Since then I've been paying more attention to the humidity while I'm printing. This morning the humidity was over 50% and I was again having problems with the printer. Some time after noon, it got down to 45% and suddenly I could print again. Right now (almost 1am) the humidity in my house is 42% and the print I have going is looking pretty good.
So, lesson learned. Keeping your material dry isn't enough. You also have to keep the air dry. Or at least keep it below 45%. Now how am I going to do that?
So far I've only been printing "solid" parts; calibration cubes, companion cubes, simple gears, etc. I finally got around to trying something a little more complicated. At first, I wanted to print the bearing race model on Thingiverse that seems to be a popular test print. But after I sliced it, and found out how long it would take to print, I decided to go for something simpler. So I went for a bearing gear instead.
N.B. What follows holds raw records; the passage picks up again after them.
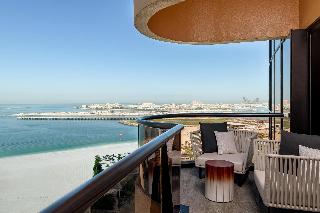 Le Royal Meridien Beach Resort and Spa fotoÄŸrafÄ±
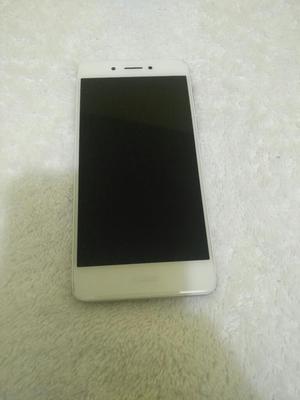 Huawei P9 Lite Smart 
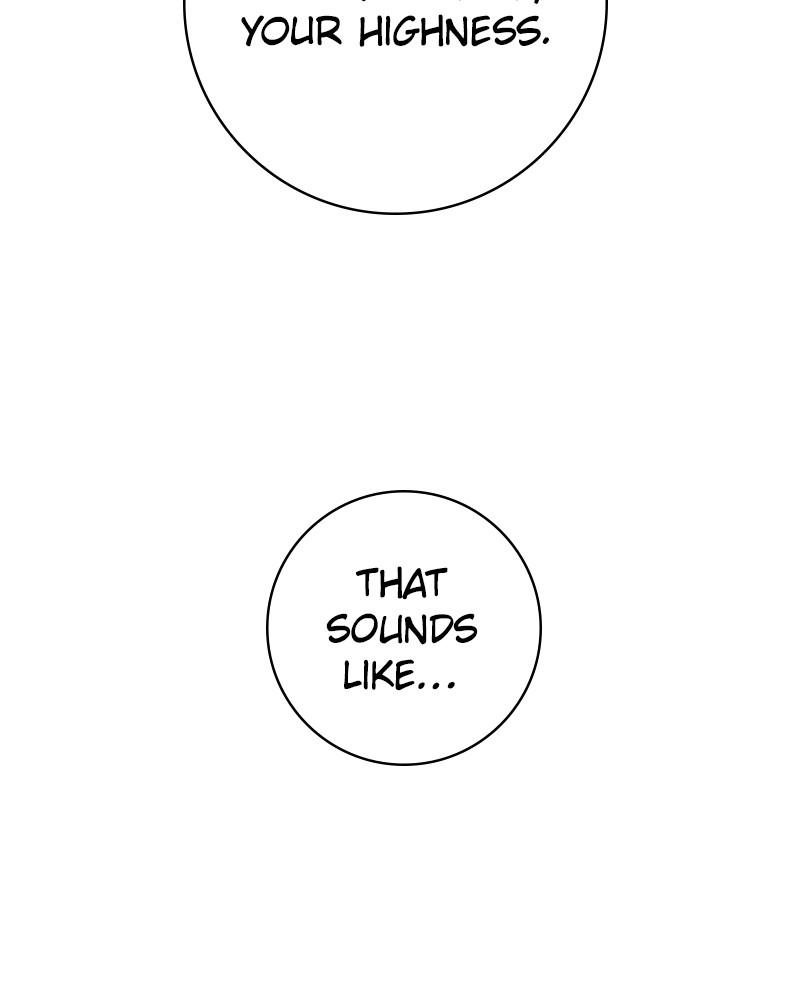 Your Throne Chap 182 - Next Chap 183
It took about 6 hours with a layer height of 150 microns.
This time I used a 10 second interval between images, which seems to have worked better. I'm tempted to try 5 seconds, but that would produce a huge pile of images. As it, the camera battery didn't last the full 6 hours, so I doubt it could handle taking twice as many pictures. Anyone know of a good camera that can be powered externally?
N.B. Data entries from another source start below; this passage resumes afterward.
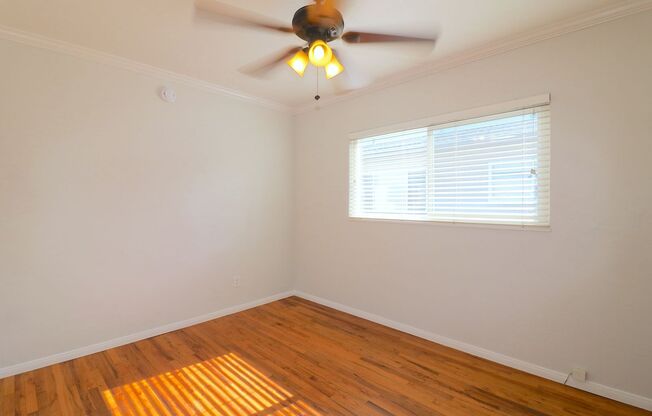 2 beds, 1 bath, 700 sqft, $2,995, Unit 4748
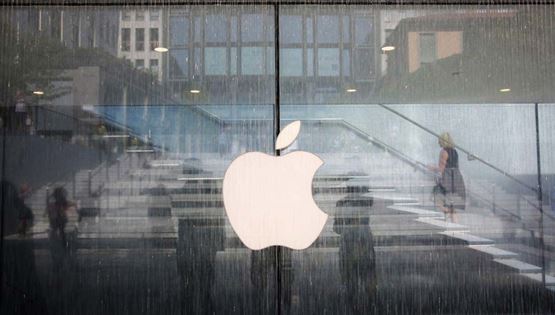 Οι μεγάλες αλλαγές στον κόσμο της Apple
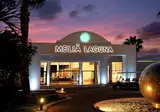 Meliá Laguna Beach foto 18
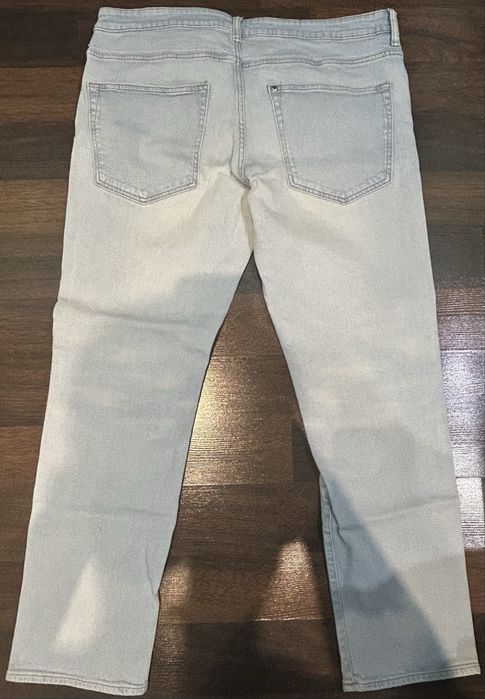 Мъжки дънки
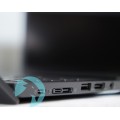 Лаптоп Lenovo ThinkPad X13 Gen 1 (Intel)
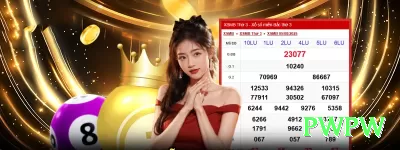 calor777 - Live Gold Screenshot 4 - pwpw 🎰📉 Anti-tilt rule: -25% stop-loss rígido — preserve banca para o próximo dia de slaughter nos slots! ⛔💰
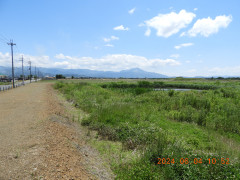 DSCN9940.JPG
I'm playing around with creating time-lapse videos of a part being printed. My camera is an old Canon Powershot SD880 IS, and apparently they hadn't invented time lapse back then. So, I had to install the Canon Hack Development Kit and use the intervalometer script. The on-screen interface that CHDK adds is rather nasty looking, but it worked well enough. I set the interval to 15 seconds and started a print of the TechShop logo that I bummed off one of the DC's. It's not a very interesting print in terms of time-lapse video because the cross section is pretty much the same the entire time. But, it's an easy print and doesn't take too long. I'll have to try something more interesting for the next test. Any requests?
BTW, I used the GoPro studio software to create the video from the still images.
Here are some old pictures from building a previous iteration. For those keeping score at home, this was version 4. I'm currently on version 4.5, but for some reason I didn't take many pictures of that one. The changes are mostly tweaks to the vertical axes and the piston walls. The bits of plywood you see in these pictures were just temporary, except the panel holding the Smoothieboard. That one lives on. And the zip ties. Some people use duct tape, I use zip ties.